5. Machine instructions are ~8 bytes on 64-bit machines, so that's (11,776 + 256) * 8 = ~96kB for the raw machine code implementing the opcode instructions.
Much better than I remember actually. I think at the time I was looking at more registers and more primitive types, like supporting byte, signed and unsigned integers, etc. so that leads to more permutations, but those aren't strictly necessary. Since the permutations scale to the third power with the number of registers, the register count needs to be kept small.
I liked TFA's turn to metaprogramming, but have found using a "real" language (instead of C's PP) is usually worth the tooling cost. Metaprogramming is ideally not only more maintainable than raw code, but also clearer.

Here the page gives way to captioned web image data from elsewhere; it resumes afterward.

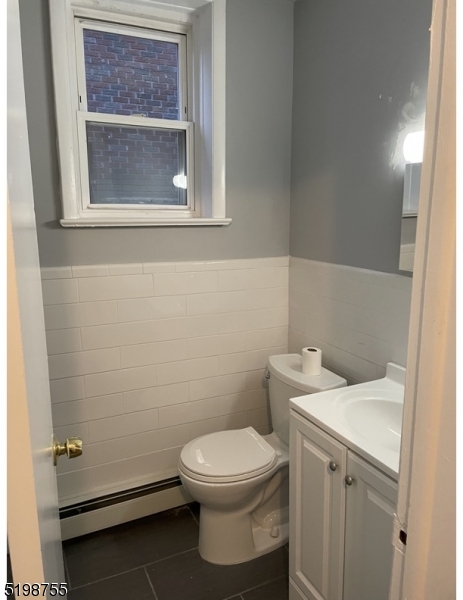 357 Franklin Street, Unit 8 Bloomfield, NJ 07003 - Photo 3 of 5 a white toilet sitting next to a bathroom sink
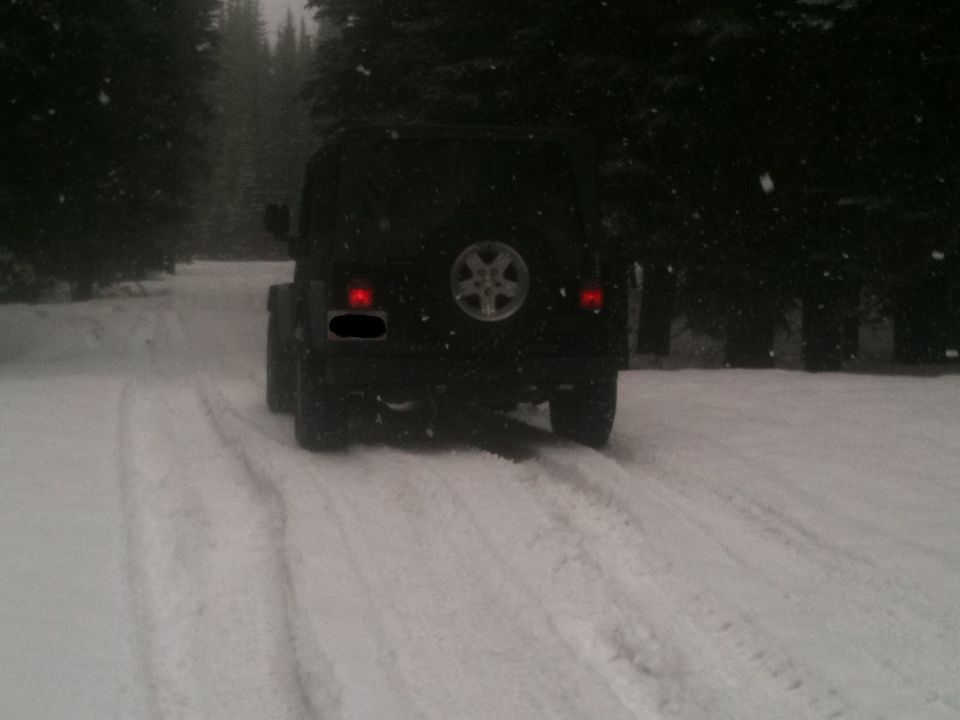 Black Jeep Wrangler rear view in snow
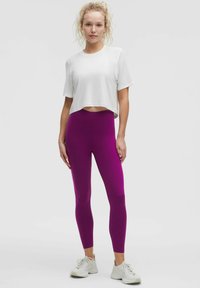 Biela skrátená atletická tričká s textúrovanými rukávmi, v kombinácii s vysokými fialovými legínami. Športová obuv dopĺňa celý outfit.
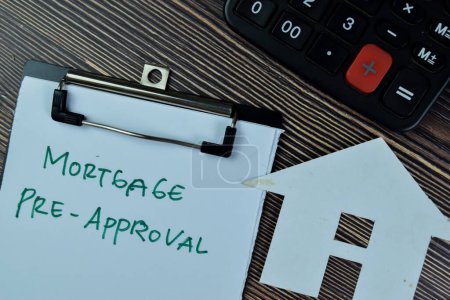 Photo for Concept of Mortgage Pre-Approval write on paperwork isolated on Wooden Table. - Royalty Free Image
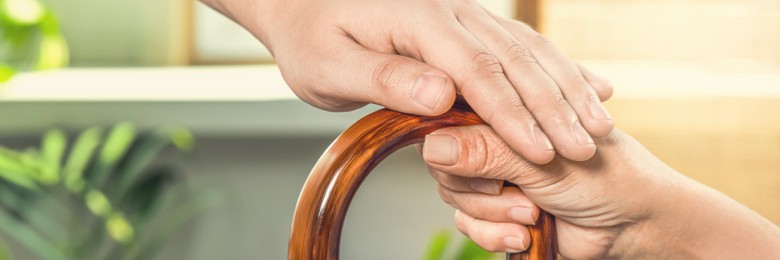 Image of Caregiver and elderly woman with walking cane at home, closeup. Banner design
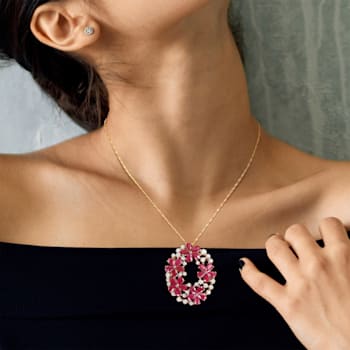 11 1/4 CT TGW Ruby and 1 CT TW Diamond Floral Pendant with Chain in 14K
2-Tone Gold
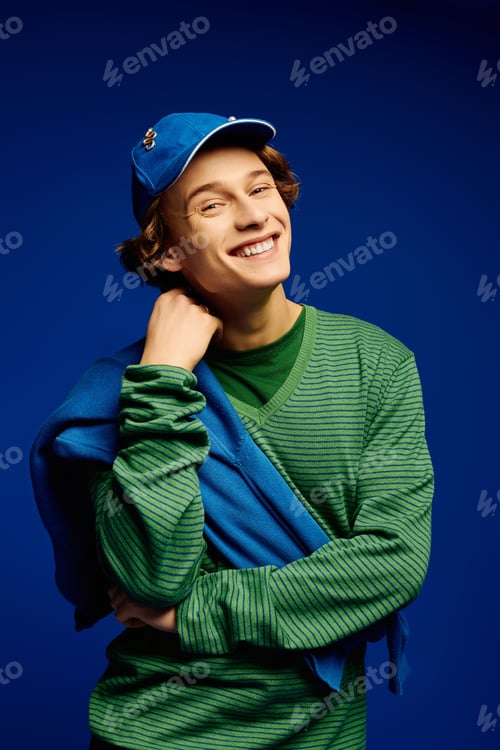 Preview: Fashionable young man showcases modern style against a vibrant backdrop capturing youth culture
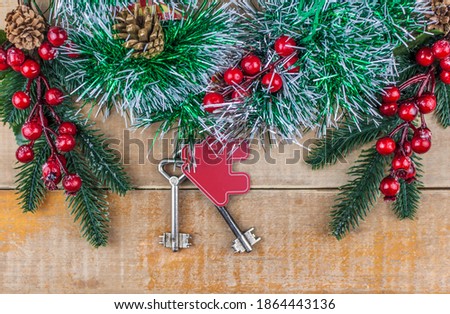 Beautiful Christmas background: decorative house and key to the lock. Concept of finance and housing loans. Top view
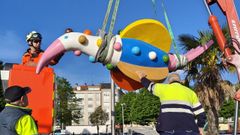 Operarios instalando en su lugar el p�jaro Peteiro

The program was all about composing simple, understandable DSLs to build a computing infrastructure, including compilers, graphics subsystems and more, with the larger goal of making computing understandable again from top to bottom.

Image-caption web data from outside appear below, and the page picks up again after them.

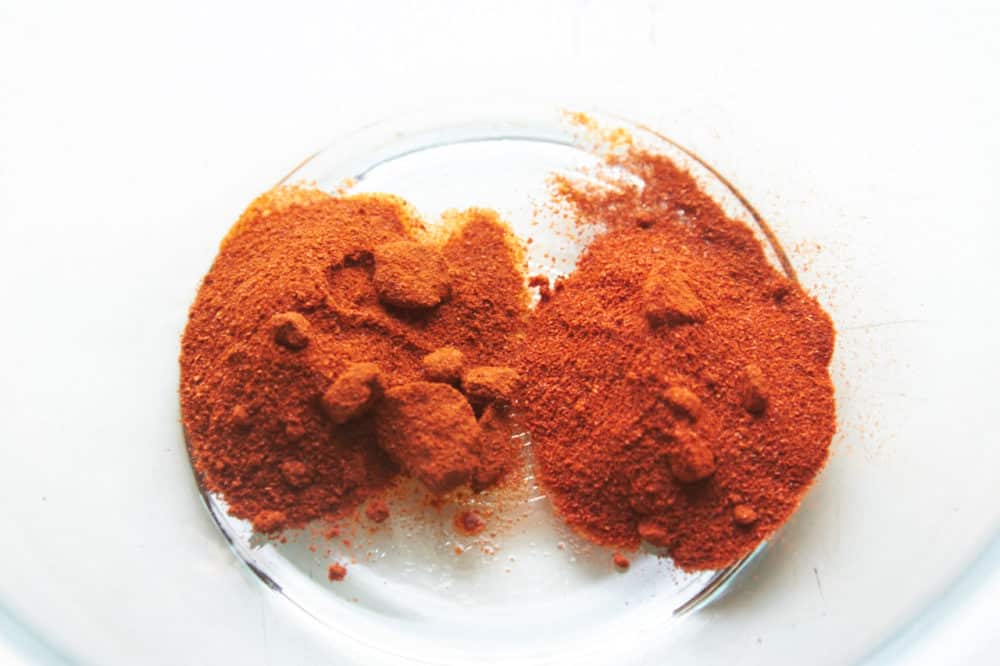 Sweet and hot smoked paprika in a glass bowl.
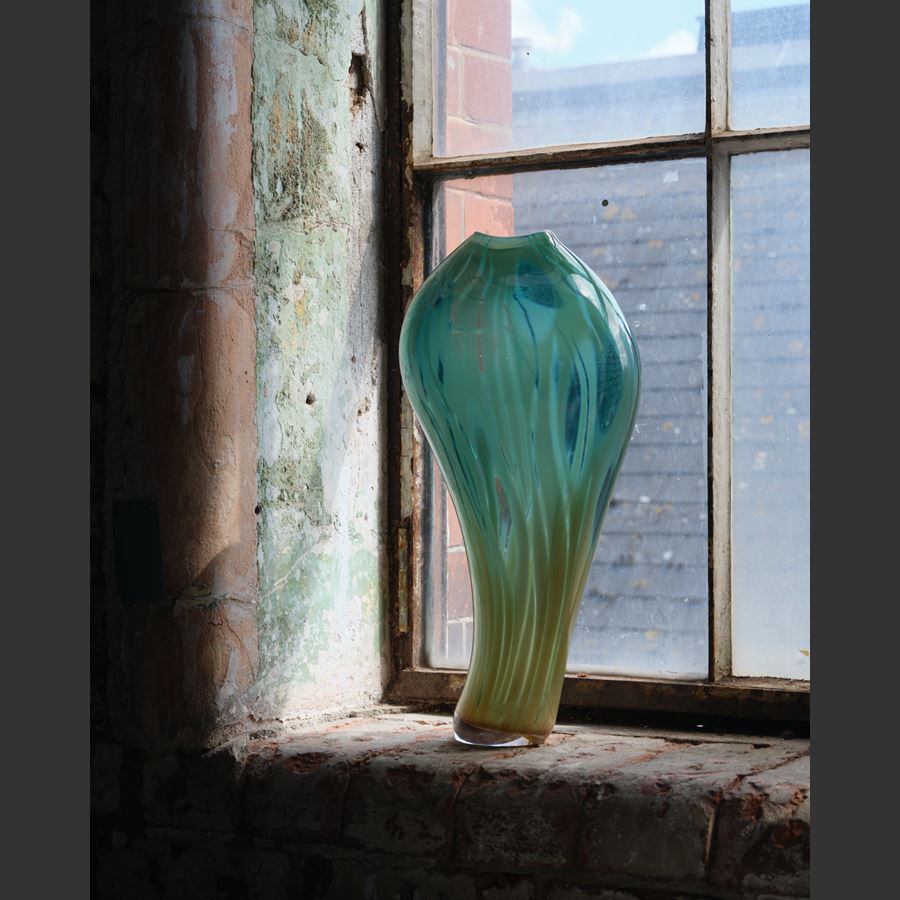 asymmetric olive and jade tall curved with bulbous top vase with soft feathery surface decoration hand blown from glass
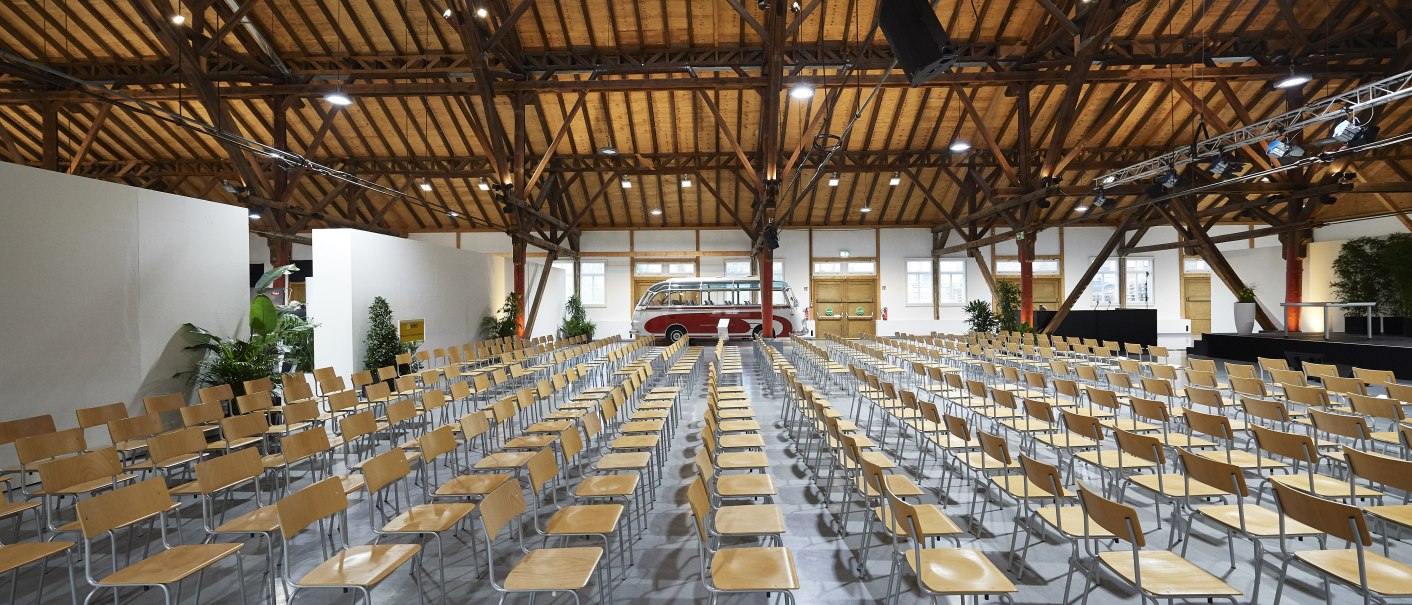 Gro&szlig;e Halle mit Holzdecke, leeren Stuhlreihen und einem roten Bus im Hintergrund. Pflanzen und Beleuchtung sind sichtbar., &copy; Peter Hartung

I'm getting gateway timeouts on the actual papers right now though.
Edit: papers are loading now.
I'm sure there are nicer examples out there.

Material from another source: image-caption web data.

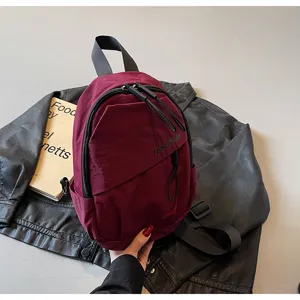 Detaillierte Nahaufnahme einer burgunderroten Streetstyle-Slingbag auf Leder.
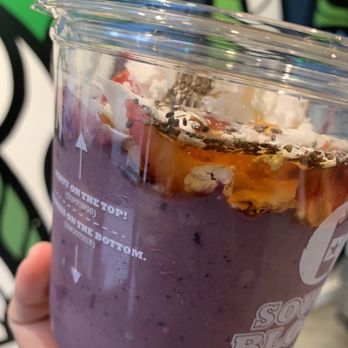 South Block - a hand holding a purple smoothie - Acai Bowls Near Me - Arlington, Virginia
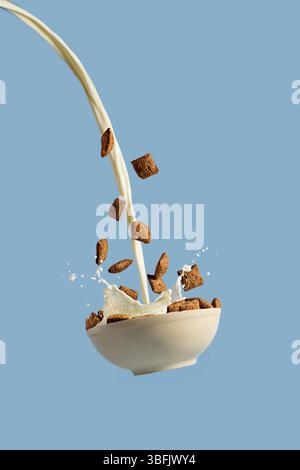 Levitating bowl with chocolate cereals nougats and milk Stock Photo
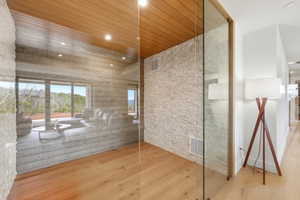 Room featuring glass partition, wood-finish flooring, wood plank ceiling, recessed lighting, and a textured stone accent wall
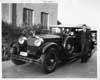 1925-1926 Packard sport model, front view, top raised, Lloyd Hughes standing at driver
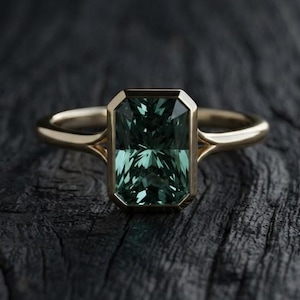 Puede incluir: Un anillo de oro con una piedra preciosa rectangular de color verde oscuro con talla esmeralda en un engaste de bisel. La banda es lisa y pulida, con un diseño de brazo dividido que se conecta al engaste central, mostrando una estructura limpia.
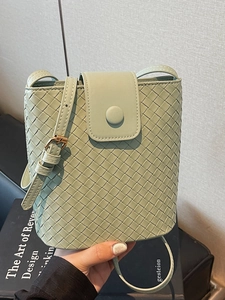 Chic light green woven leather bucket bag with magnetic flap and golden metal hardware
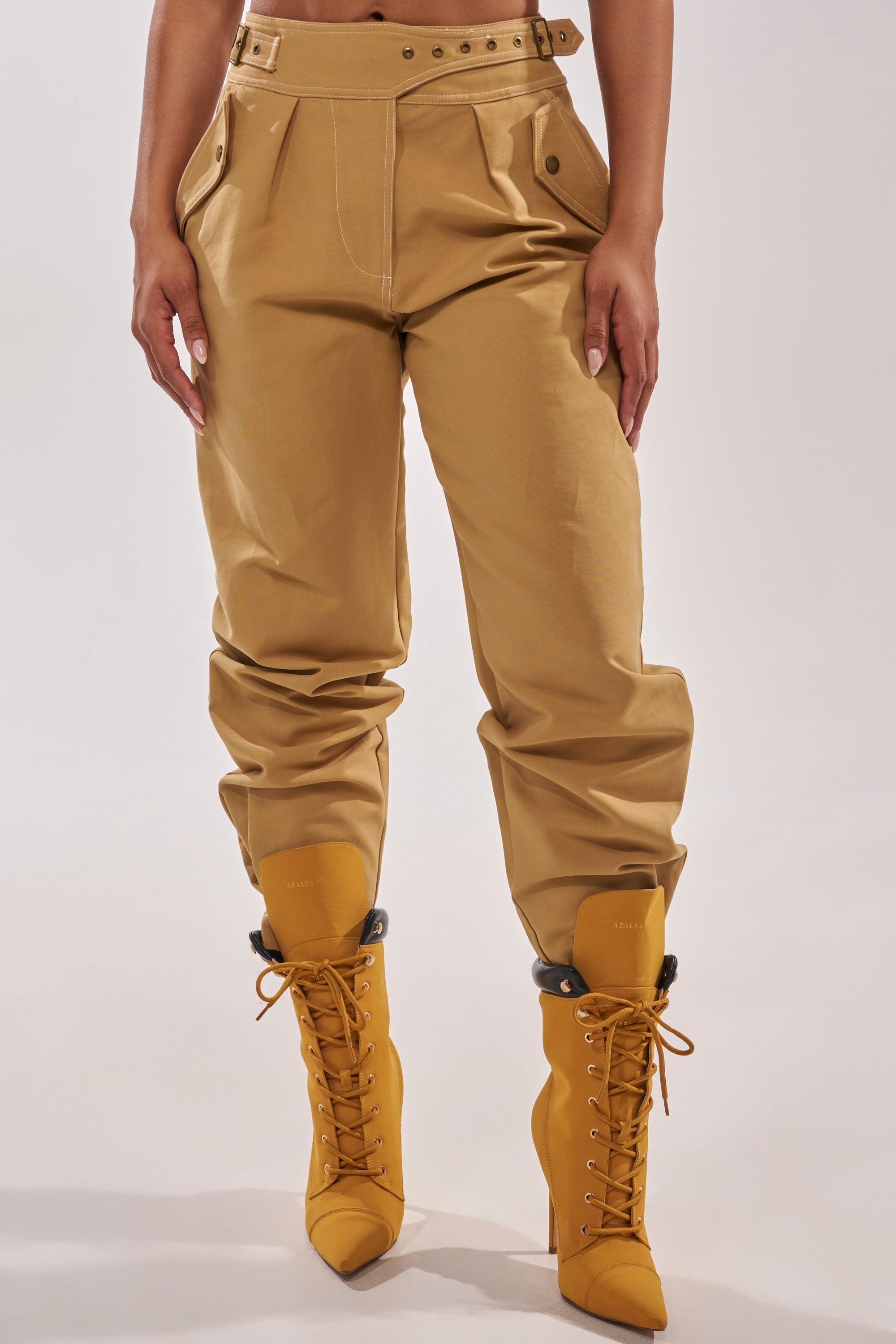 Model wears the HEY YOU TROUSER—high-rise tan pants with white stitching—paired with matching tan lace-up heeled boots; only the lower torso and legs are visible against a plain background. 1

Better instead say a vm_d.py direct emitter, and skip the vmc?
The advantage is that CPUs have an hard limit on how many taken jumps per cycle they can execute, as it requires resteering the fetch unit even before the jump is decoded. For example typically intel cpus can only take one jump every other cycle.
It is possible that the apple cpu in question has a tighter limit than the amd one.
If I could ask what made you go for a list of unions for the functions instead of just a plain array of function pointers (or a typedef'd function type)? I can't see any benefits that would be gained from using the union, but I assume I'm just missing something.
Regarding the list of unions thing: The instruction stream needs to contain both the operations (the function pointer) and the operands. In a plain array of function pointers, how would a function get at its operands? For example, for `CONSTANT 15`, how do you encode the 15 if all you have is an array of function pointers? I suppose you could cast back and forth between a function pointer and an intptr_t, but I prefer having the explicit union. (EDIT: I see you figured it out already while I was writing this)
They don't; they still read a linear sequence of instructions.
JIT is the way out performance-wise while the boundaries of the VM are what provide portability and safety guarantees.
If you're implementing an interpreted programming language, and you don't want to invest all the resources to make a JIT, you may want to use some of these tricks to make execution faster for much less cost. Even if you're implementing a JIT, you may want a general fallback, and these approaches become relevant there too.
JITs can also be surprisingly accessible, as in ...
 How to write a simple JIT compiler https://news.ycombinator.com/item?id=29566249
 ... (others - I searched only briefly)
(I realize you may not have intended your comment to be swipey or patronizing, but it reads that way to me, and presumably to other readers too, since they downvoted it.)